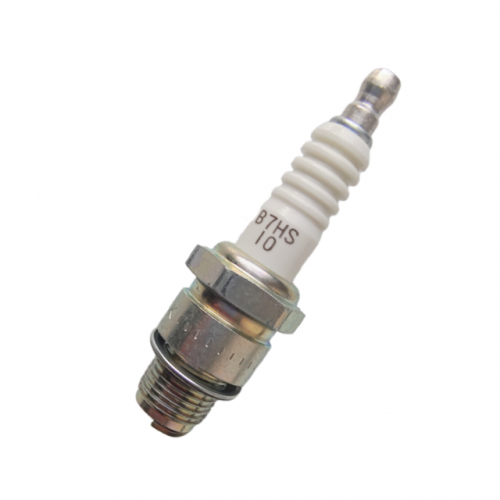 Spark Plug 2129 B7HS-10 Standard for YAMAHA Outboard Suzuki 09482-00269 Suzuki 09482-00532picture2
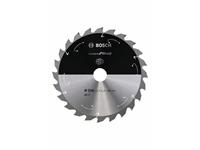 Bosch Bosch 2608837723 Hardmetaal-cirkelzaagblad 216 x 30 mm Aantal tanden: 48 1 stuk(s)
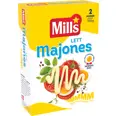 MILLS LETT MAJONES 330G SJAKTEL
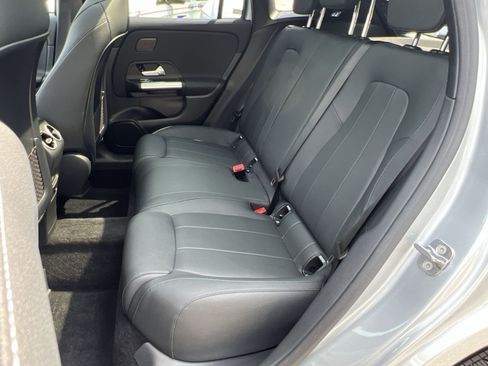 Certified 2026 Mercedes-Benz GLA 250 4MATIC image 30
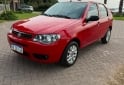 Autos - Fiat palio 2016 Nafta 104000Km - En Venta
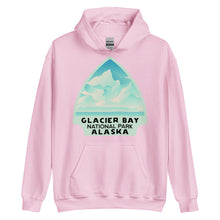 Load image into Gallery viewer, Glacier Bay National Park Hoodie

★ ★ ★

◆ EXERCISE: Down to the last line, return the entries above exactly, with no pictures.

◆ SOLUTION TO THIS PROBLEM:
 Spark Plug 2129 B7HS-10 Standard for YAMAHA Outboard Suzuki 09482-00269 Suzuki 09482-00532picture2
 Bosch Bosch 2608837723 Hardmetaal-cirkelzaagblad 216 x 30 mm Aantal tanden: 48 1 stuk(s)
 MILLS LETT MAJONES 330G SJAKTEL
 Certified 2026 Mercedes-Benz GLA 250 4MATIC image 30
 Autos - Fiat palio 2016 Nafta 104000Km - En Venta
 Load image into Gallery viewer, Glacier Bay National Park Hoodie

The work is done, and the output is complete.